Although parents are seen as the problem in the 'too much involved drama', it is underlined that their behaviour is unintended, 'even well-intentioned parents can stress out their child' (headline), and 'even when we're trying to do good' (lines 2-3). Parents are depicted as having the best intentions even when it goes wrong. Parents are thus portrayed as people who have to work on their parental competence to recognise when they cross the border of involvement. This is not an easy task. The phrase 'identifying ourselves as a possible source of our children's stress can be, frankly, a little scary' (lines 10-11) puts all parents in a similar position, where they have to acknowledge that they may be the source of their children's problem, and this can be hard for many parents to accept. Moreover, parenting is a difficult and challenging activity. This works as a resource in the production of the story of the too involved parent, which becomes an experience people can identify with and share without feeling guilt or shame. The option given to them is to adjust to the advice that is offered, pay attention to their behaviour and work on improvement, in other words develop suitable skills. Hence, parents are expected to regulate their own parenting and avoid the risk of crossing the border.

Correcting parenting

The good parent is a construction that occurs across media and geographical borders. In the next section, we will examine how the role is portrayed in the Swedish television programme. Compared to L.A. Parent, the show has a slightly different focus, as it highlights problems in parent-child relations. The parents are positioned as unsuccessful from the very beginning. The programme is founded on the idea that the parents are not able to handle the problems themselves; they need support from an expert. Other than the dramaturgy, the expert is relevant in two ways. First, they are crucial for identifying and labelling the problem and, second, they instruct the parents on how to remedy it. In the following section, we will especially focus on how the good parent is fashioned in these correcting practices.

Positioned as adult subjects

Good parents have to demonstrate adulthood and responsibility. In the next example, we will meet an expert psychologist together with the parents Maria and Kent. They are appearing on the show because their son, Sam, has problems stemming from the fact that his parents often fight. Before we enter the excerpt, the viewers have watched an interview with Sam. The psychologist turns to the camera and explains how Sam feels and acts.
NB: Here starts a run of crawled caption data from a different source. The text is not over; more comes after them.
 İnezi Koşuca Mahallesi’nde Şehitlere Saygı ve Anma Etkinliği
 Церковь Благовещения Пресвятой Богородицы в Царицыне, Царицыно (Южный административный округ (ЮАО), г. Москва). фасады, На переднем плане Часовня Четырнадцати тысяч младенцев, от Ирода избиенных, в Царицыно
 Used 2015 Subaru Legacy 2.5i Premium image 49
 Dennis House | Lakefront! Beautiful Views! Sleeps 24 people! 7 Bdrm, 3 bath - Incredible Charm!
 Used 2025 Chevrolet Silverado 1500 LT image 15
The expert lets us know that Sam's strategy is to withdraw when the parents are arguing, for instance, looking out the window if the fight starts at the dinner table, or retreating to his room when they shout at each other. According to the expert, this is a problem because Sam may use similar strategies to handle personal problems in the future. Moreover, the expert tells the parents that if they do not deal with their fighting immediately, they will soon be confronting a divorce. However, the main issue is, 'you have to stop fighting in front of your kids'. This is communicated to the parents as a neutral fact and unquestionable truth that has to be dealt with. The expert turns to the parents, signalling that it is time for a dialogue. Maria begins:

Example 3: You are an adult

Place and time: A Case for Louise, Episode 5, 2009 Participants: Maria, Kent, Expert

1 Maria: I'm that kind of person that when I get angry I get really angry, then it

doesn't

· 2 matter if we're at a restaurant or if we're at home /Expert: Uhum/ or wherever

· 3 we are. Now we're mostly at home and I suppose that's why we argue in front of

· 4 our kids too since I can't hold back and wait until the kids have fallen asleep

· 5 or go somewhere else to fight and ehm

· 6 Expert: You're an adult, at least according to your birth certificate /Maria: Mm/you have

· 7 passed the age when you have the right to act on your impulses that you have

· 8 no intention of controlling /Maria: Mm/ and you're a mother.
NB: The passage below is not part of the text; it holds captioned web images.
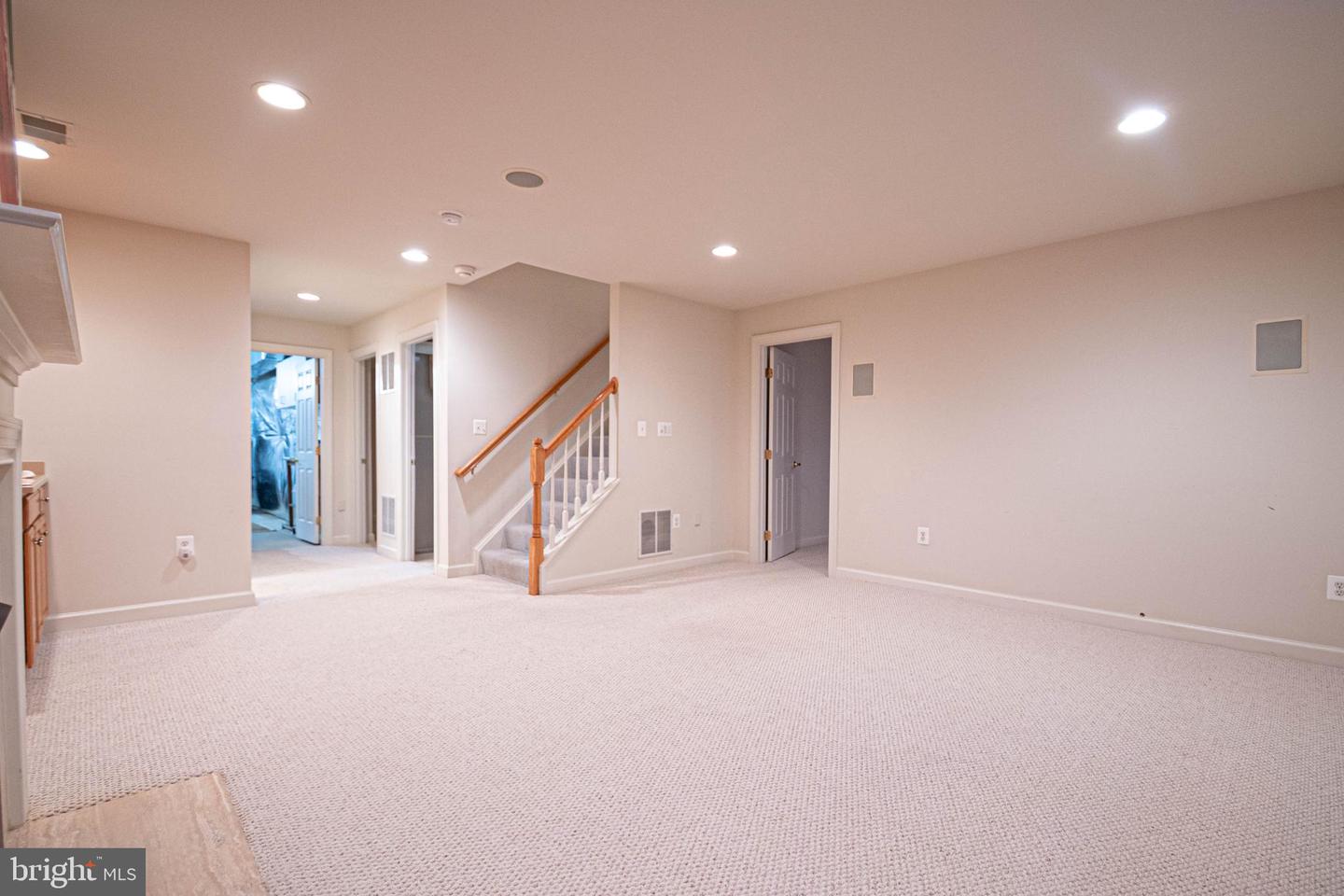 3832 FARRCROFT DR, FAIRFAX, Virginia 22030, 4 Bedrooms Bedrooms, ,4 BathroomsBathrooms,Residential,For sale,3832 FARRCROFT DR,VAFC2007392 MLS # VAFC2007392 3832 FARRCROFT DR, FAIRFAX, Virginia 22030, 4 Bedrooms Bedrooms, ,4 BathroomsBathrooms,Residential,For sale,3832 FARRCROFT DR,VAFC2007392 MLS # VAFC2007392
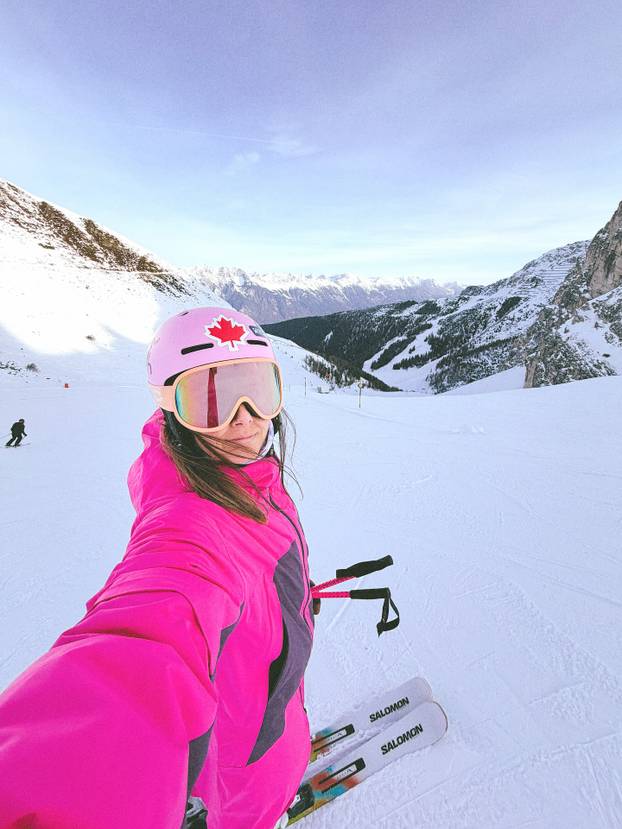 FOTO Bivša olimpijska klizačica otvorila platformu za odrasle...
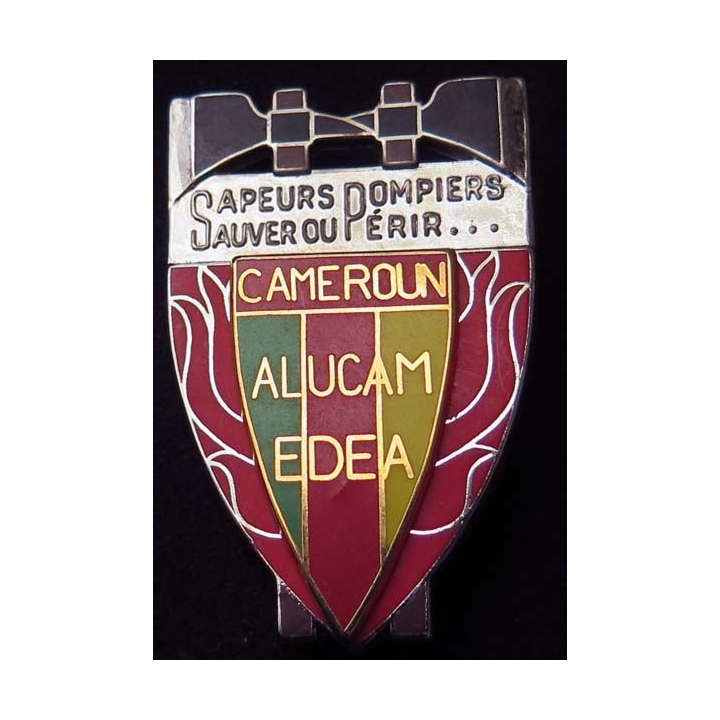 insigne métallique pompiers du Cameroun fabrication Ballard
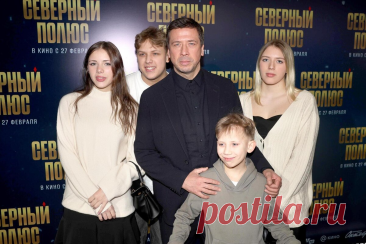 Андрей Мерзликин с детьми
This example illustrates how Maria starts by producing an account of why the family is facing this situation, claiming that this is the person she is, 'I'm that kind of person that when I get angry I get really angry' (line 1). More specifically, if she becomes upset for some reason, no matter where they are or who they are together with, she will let it happen, 'since I can't hold back and wait' (line 4). According to her, this is how she is by nature, thereby positioning herself as innocent and not to blame. The expert confronts Maria by saying, 'you're an adult, at least according to your birth certificate' (line 6). Drawing upon age, using the words 'adult' in a disciplining manner, the expert positions the parent as somebody who in spite of her biological age has not yet matured. This description makes the parent's way of acting look infantile and irresponsible. The expert follows this line of reasoning when she states in an authoritarian way, 'you have passed the age when you have the right to act on your impulses that you have no intention of controlling' (lines 6-8). Being an adult is described as being in control, which is what distinguishes adults from children. Moreover, Maria is not only an adult, she is also a parent, something the expert states by emphasising 'and you are a mother' (line 8). The subject position of parent is actualised as something that makes it even more important to act as an adult, or to put it another way, acting irresponsibly is acting childishly. Regardless of Maria and Kent's relationship to each other, they are positioned as adults and, first and foremost, they are Sam's parents. By connecting parenthood to adulthood the parents are highlighted as always being the responsible part in relation to their children. In this case, Maria and Kent have to adjust to the obligation to stop arguing in front of their child. It can be argued that when parent-child relations are displayed as problematic, the parents are seen as the source of these problems.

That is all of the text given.